In terms of contracts, the open interest has continued to rise from the beginning to the end of the month, indicating strong market bullish sentiment. However, starting in the latter half of the month, both open interest and funding rates showed a significant decline, as a certain scale of leveraged funds chose to exit for risk aversion amid increasing uncertainty.

Another important event in July was the apparent re-initiation of Altseason within the crypto market. Driven by strong corporate purchases, ETH rose 48.8% in a single month, and the ETH/BTC trading pair broke through technical resistance. We believe that with the proximity of interest rate cuts and an increase in risk appetite, the reopening of Altseason is highly probable.

Chip Structure: Long-term Hands Initiate Third Round of Selling

With the buying power arriving in July, long-term holders initiated the third wave of selling in this bull market.

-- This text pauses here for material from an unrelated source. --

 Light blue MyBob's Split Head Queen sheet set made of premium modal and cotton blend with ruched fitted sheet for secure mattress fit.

Long and Short Positions and Changes

According to eMerge Engine data, long-term holders reduced their holdings by nearly 200,000 BTC in July, including 80,000 BTC from a wallet that originated in the Satoshi era. Correspondingly, short positions also rose rapidly.

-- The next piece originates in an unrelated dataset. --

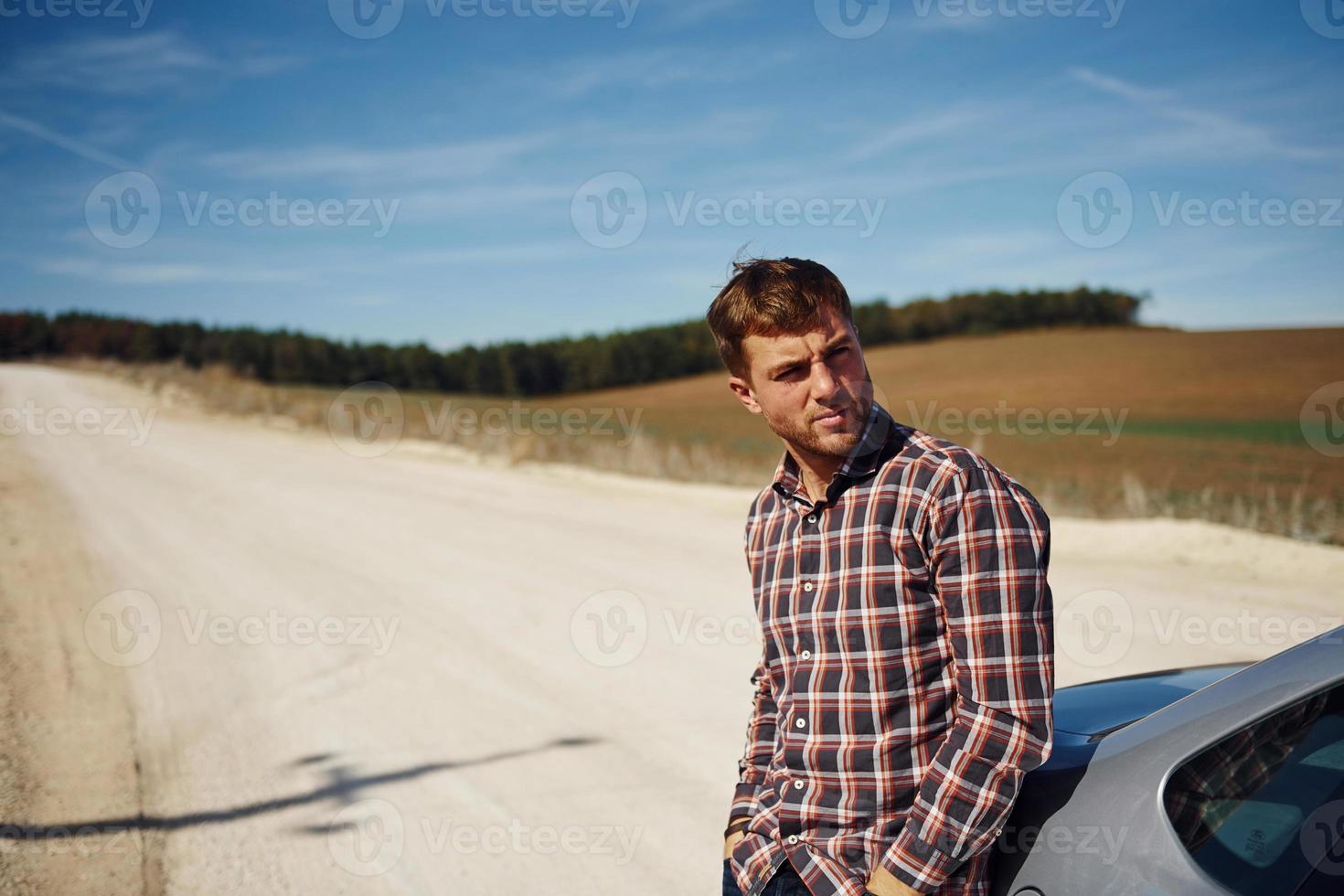 Man in casual clothes leaning on his car outdoors on the road. Rural scene photo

BTC flowed from long-term holders to short-term holders, increasing the market's short-term liquidity and putting pressure on prices. However, it can be seen that the short-term selling by ancient whales had a much smaller impact on market prices compared to the past, indicating that as the market participant structure changes, market depth has significantly increased.

Centralized exchanges continued to see BTC flowing out (over 40,000 BTC), indicating that institutional purchases are still ongoing. Institutional allocation is the direct driving force behind the upward price of BTC in this bull market.

By the end of July, publicly listed companies directly holding BTC had exceeded 4.5% of the total supply.

Statistics on Company Holdings of BTC

Since the beginning of this year, the scale of direct BTC purchases by publicly listed companies and other institutions has surpassed that of the BTC Spot ETF channel, officially becoming the largest buyer in the BTC market.

Capital Flow: Over $29.5 Billion Inflow, Second Largest Month in History

This month saw a total inflow of over $29.5 billion into the crypto market, including $12 billion in stablecoins, $11.3 billion in BTC + ETH Spot ETFs, and $6.2 billion in corporate purchases. Corporate purchases are the single largest source of buying power in the BTC market that can be tracked.

Monthly Statistics on Crypto Market Capital Flows

The total inflow of $29.5 billion made July the second largest inflow month in history, allowing BTC to break through the 8-month consolidation area, absorbing massive selling pressure and pushing prices to new historical highs.

It is worth noting that total capital inflows have increased for five consecutive months, driving BTC to continue rising from the half-year low set in April and reaching new historical highs.

American companies' allocation to BTC continues to accelerate, with more and more companies joining in, and it is expected that this will remain the most important factor driving price increases in the near future.

Additionally, this month, ETH Spot ETF inflows reached $5.298 billion, marking the highest month in history, approaching the $6.061 billion of the BTC Spot ETF channel. This is accompanied by the proximity of interest rate cuts and further expansion of crypto assets in the U.S., with more and more capital beginning to flow into ETH. At the same time, the number of companies allocating ETH is also increasing, and by the end of the month, these companies' ETH allocations accounted for 2.6% of the total circulation, although still lower than BTC's 4.6%, but growing rapidly, with ETH's pricing power shifting from on-market to off-market.

Conclusion

eMerge Engine shows that the BTC Metric is 0.75, indicating that BTC is in a bull market rising phase.

From a multi-dimensional analysis perspective, BTC is still in the continuation phase of the fourth wave of this bull market, and after a period of fluctuation in August, it is highly likely to continue upward.

Led by ETH, as interest rate cuts approach, the overall market's risk appetite is likely to increase, and Altseason is expected to open.

The tariff war conflict, U.S. inflation, and employment data pose the greatest tail risks.